Elle se raconte avec un plaisir évident, dans un discours assumé et mûrement réfléchi, et ça paraît. C’est ainsi qu’elle a rencontré son mari à l’université, après avoir eu une poignée de relations stables, sexuellement « satisfaisantes », quoique sans connaître de phase d’« exploration », souligne-t-elle.

Avec son chum, c’est le coup de foudre. « Il était plus vieux, il avait exploré beaucoup [...], fait le party, daté. [...] C’était la première fois que je rencontrais quelqu’un avec une telle confiance en lui. »

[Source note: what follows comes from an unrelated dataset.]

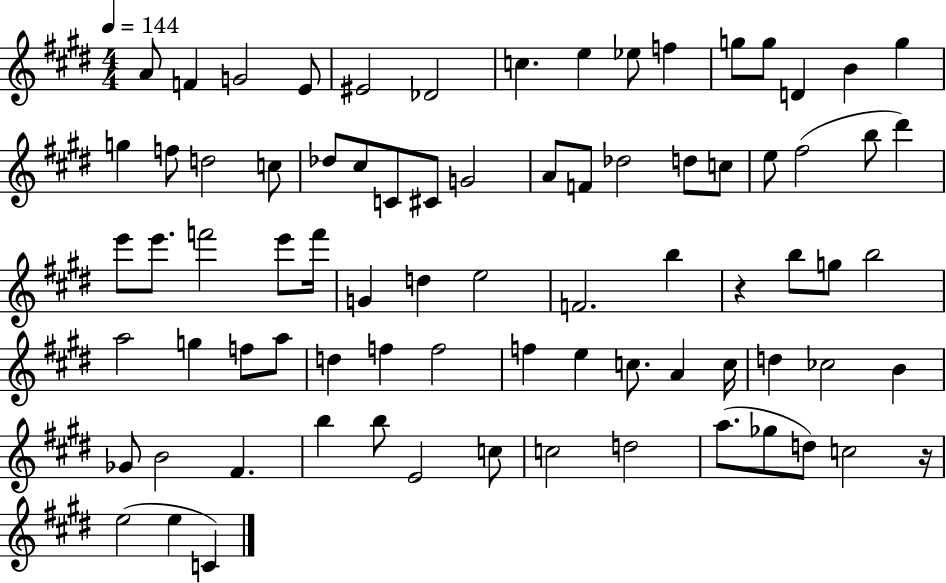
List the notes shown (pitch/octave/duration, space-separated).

A4/e F4/q G4/h E4/e EIS4/h Db4/h C5/q. E5/q Eb5/e F5/q G5/e G5/e D4/q B4/q G5/q G5/q F5/e D5/h C5/e Db5/e C#5/e C4/e C#4/e G4/h A4/e F4/e Db5/h D5/e C5/e E5/e F#5/h B5/e D#6/q E6/e E6/e. F6/h E6/e F6/s G4/q D5/q E5/h F4/h. B5/q R/q B5/e G5/e B5/h A5/h G5/q F5/e A5/e D5/q F5/q F5/h F5/q E5/q C5/e. A4/q C5/s D5/q CES5/h B4/q Gb4/e B4/h F#4/q. B5/q B5/e E4/h C5/e C5/h D5/h A5/e. Gb5/e D5/e C5/h R/s E5/h E5/q C4/q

Au lit ? « C’est la complicité, l’attirance, fois mille, répond-elle. Le feu ! » Ils sont comme « deux amants », à faire l’amour tout le temps. Évidemment, la folle chimie des débuts dure un temps. Puis, au bout de 10 ans, ils se marient. « Et ça nous a redonné un petit kick tripant. »

Bref, oui, « tout marche ». Monsieur a une « super intelligence émotionnelle », en prime c’est un père « investi » et un compagnon généreux. « Il me donne beaucoup de lousse, dit-elle, si j’ai un contrat à telle place ou un voyage avec une amie, il me dit : go ! C’est un cheerleader. »

Tout va bien dans le meilleur des mondes, donc, jusqu’à quoi ? Vous l’aurez deviné : « Ah, la pandémie », dit en riant Marie. « Là, la différence d’âge embarque [...]. Moi, j’ai 45 ans et les hormones dans le tapis, alors que lui travaille beaucoup... » Mais il y a plus : « Moi, je suis en feu, et là, on est toujours ensemble, beaucoup. » Jusqu’à ce que Marie n’en puisse plus.

Ça devient exigu, étouffant, je manque d’air !

Marie

Et voilà qu’un beau soir, armée de toutes ces réflexions, Marie et son mari se retrouvent dans un resto pour faire le point. Ce dernier n’est pas fou : « Je vois bien que tu es mal », commence-t-il. Effectivement. « Je ne suis pas satisfaite, répond-elle, j’ai envie d’autre chose, et je suggère qu’on devienne un couple ouvert. » Comme ça, crac ? Affirmatif. « Je ne connais personne [d’ouvert], tous mes amis sont célibataires ou en couple straight. J’ai lu ça quelque part et ça avait l’air intéressant ! »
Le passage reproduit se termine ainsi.